Imaging of the Amazon deep-sea fan with long-range side-scan sonar (GLORIA) has, for the first time, revealed the anatomy, trends, and growth pattern of distributary channels on this fan. Only one channel-levee system was active at any given time and extended from the Amazon Submarine Canyon downslope onto the lower fan (> 4,200 m). Formation of new channel-levee systems occurred when a currently active channel-levee system was cut off and abandoned through avulsion, and a new channel-levee system was established nearby. Through time, successive channel-levee formation and abandonment built two broad levee complexes consisting of groups of overlapping, coalescing segments of channel-levee systems across the present fan surface. These, plus older, now buried levee complexes, indicate that fan growth is radially outward and downslope through development of successive levee complexes.
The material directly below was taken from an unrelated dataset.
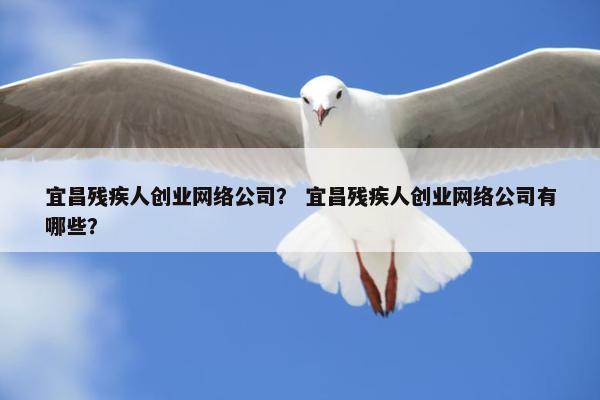 宜昌残疾人创业网络公司？ 宜昌残疾人创业网络公司有哪些？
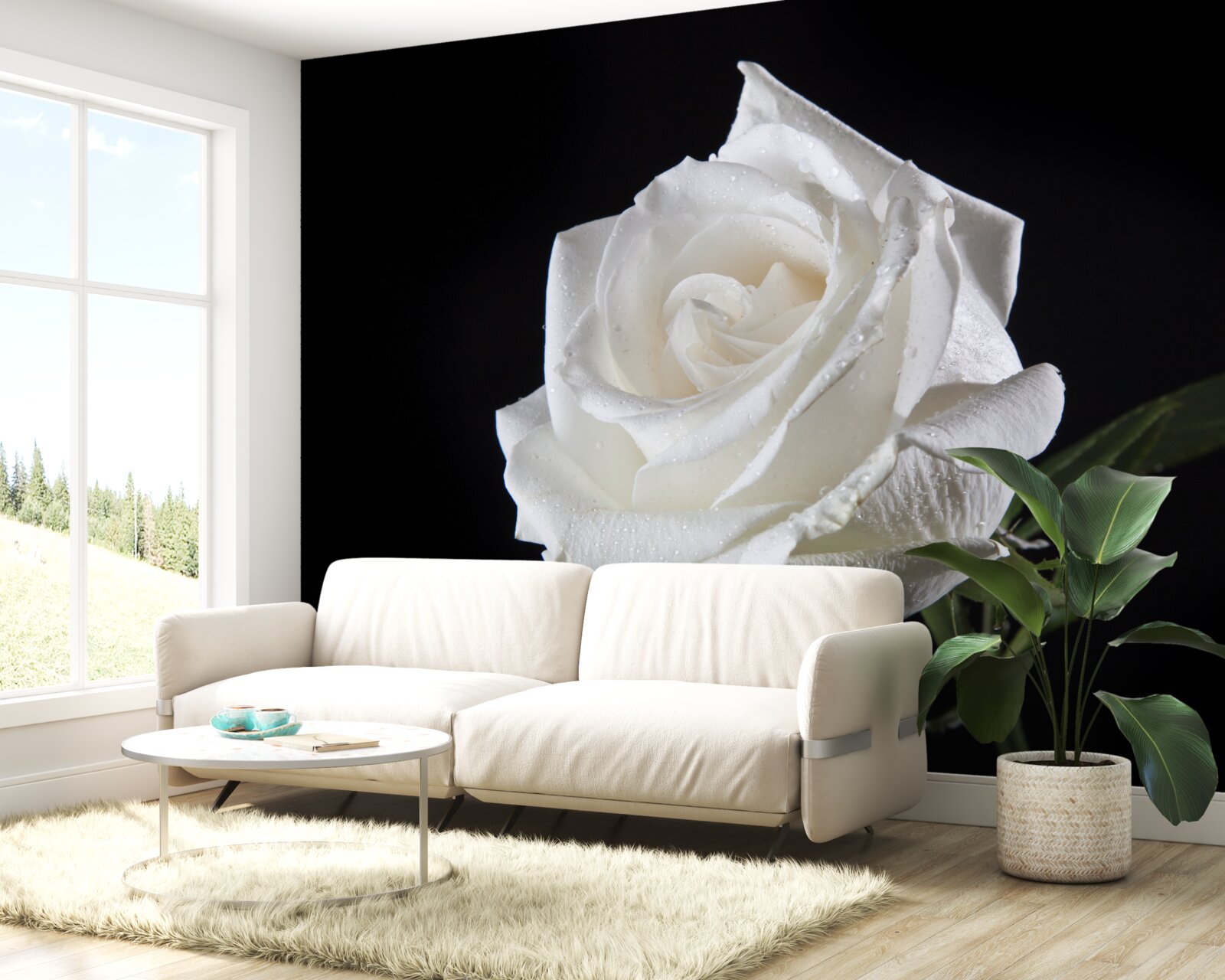 Фотошпалери чорний фон підкреслює білий колір троянди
The most striking characteristic of the distributary channels is their intricate, often recurving, meanders with sinuosities of up to 2.5. Cutoffs and abandoned meander loops indicate that the channels migrate laterally through time. Channel bifurcation results predominantly from avulsion when flows breach a channel levee, thereby abandoning the present channel and establishing a new channel-levee segment nearby. No clear evidence of channel branching (i.e., division of a single channel into two active segments) or braiding was observed.
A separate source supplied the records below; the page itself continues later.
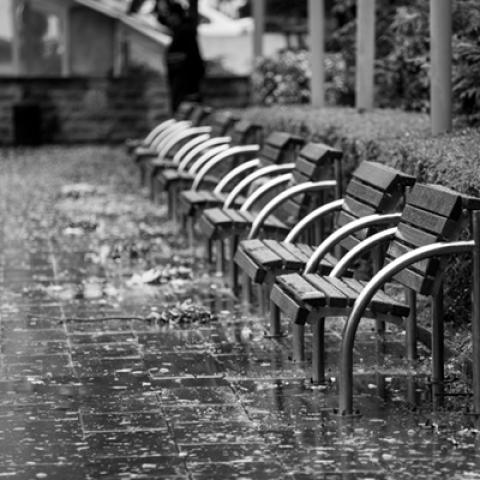 image blackandwhite_hr_0029-jpg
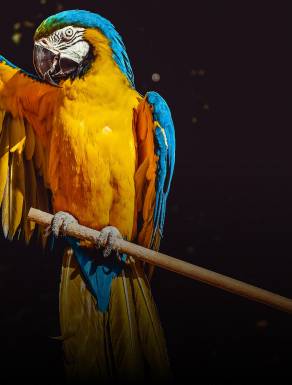 Imagify 4 4 optimized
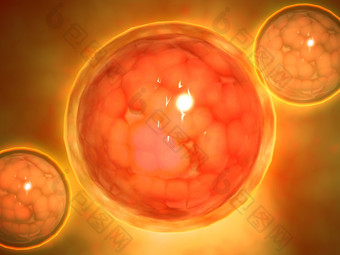 微生物胚细胞示例图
The formation, maintenance, and modification of such extensive and intricate meander systems presumably requires large volumes of relatively continuous turbidity flow through channels for relatively long time periods. “Classic” sporadic turbidity-current events are apparently too infrequent to form the meandering channels. However, the bulk of sediments forming the channel-levee systems consists of fine terrigenous (hemipelagic) sediments, which were deposited relatively continuously throughout entire intervals (~ 100,000 years) of glacio-eustatic sea level lowering (e.g., Wisconsin). Although defining precisely what “continuous” means is not yet possible in terms of frequency of individual flow events (per year, decade, etc), this type of more continuous, high-volume flow is probably an important factor that promotes channel meandering. Another important factor that appears to cause channel meandering is changes in the slope of the fan surface (i.e., valley slope) encountered by a channel-levee system as it builds across the fan. The channel is apparently able to maintain a preferred gradient or slope along its thalweg, despite an increase in the slope of the fan surface, simply by meandering.